%%
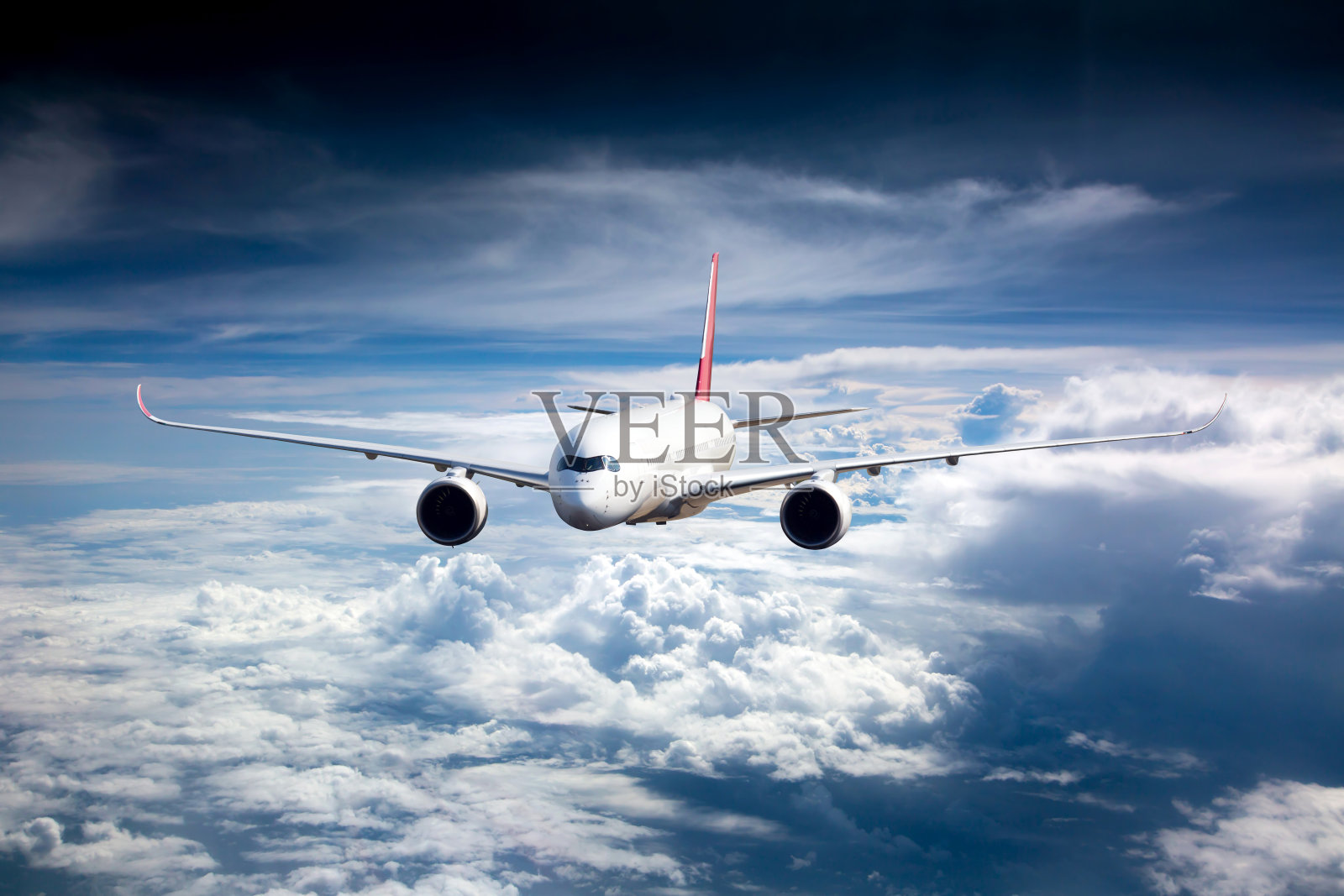 客机在云层上方高高飞行。前视图。照片摄影图片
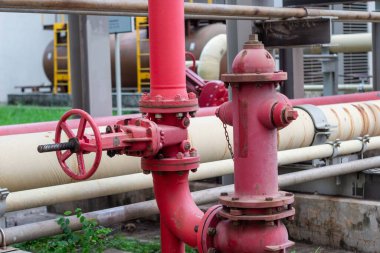 Detaylı bir yakın plan çekimde, bir dizi canlı kırmızı endüstriyel boru ve temel altyapı ve güvenlik önlemlerini temsil eden bir yangın musluğu sergileniyor. Bu resim karmaşık ağ görüntülerini yakalar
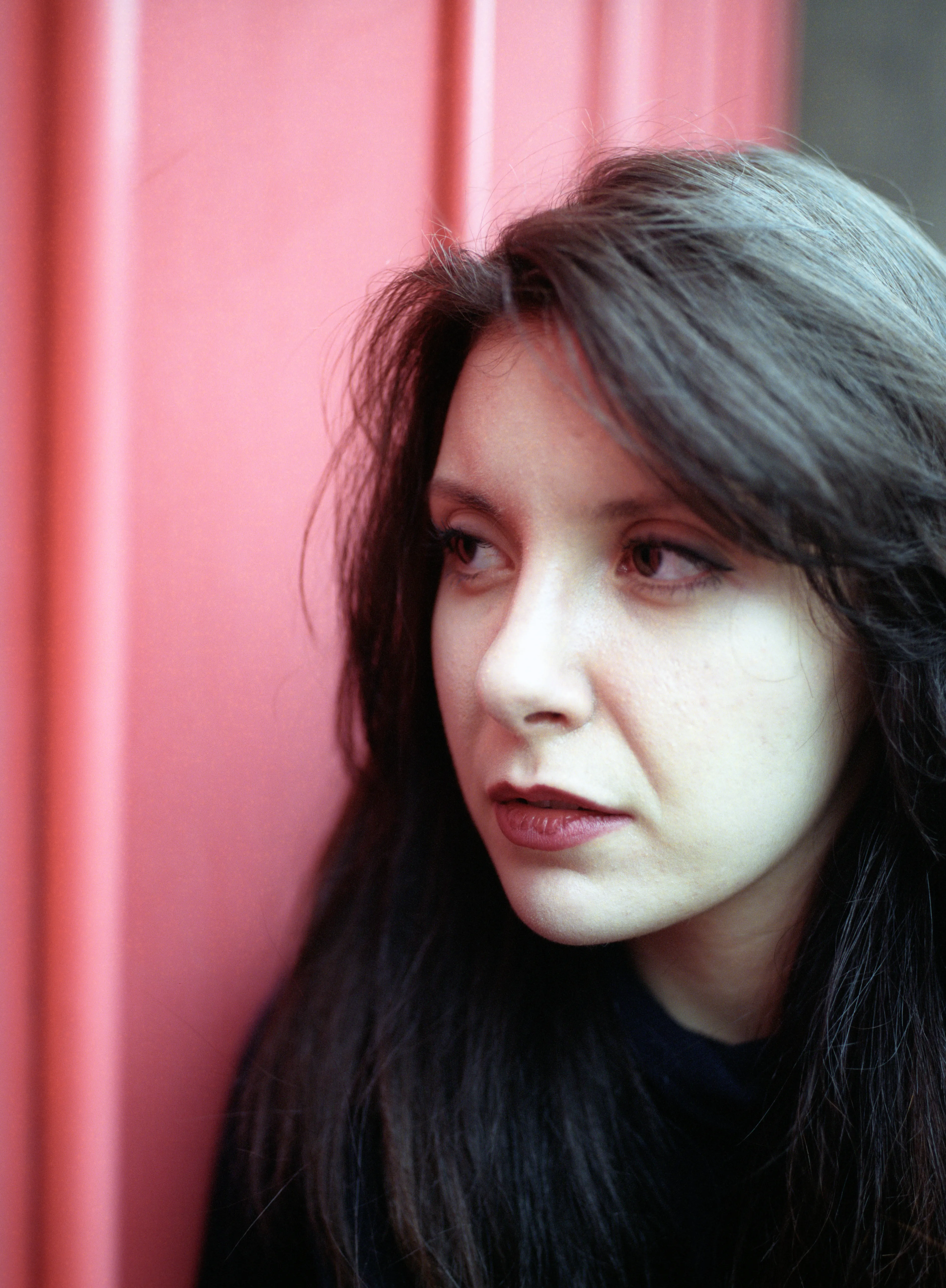 A woman with long dark hair leans against a coral-pink panelled door, turned slightly away and looking to her left.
%%
* TASK OBJECTIVE:
Without the pictures, return the whole of the data exactly as given.

* ANSWER SECTION:
 客机在云层上方高高飞行。前视图。照片摄影图片
 Detaylı bir yakın plan çekimde, bir dizi canlı kırmızı endüstriyel boru ve temel altyapı ve güvenlik önlemlerini temsil eden bir yangın musluğu sergileniyor. Bu resim karmaşık ağ görüntülerini yakalar
 A woman with long dark hair leans against a coral-pink panelled door, turned slightly away and looking to her left.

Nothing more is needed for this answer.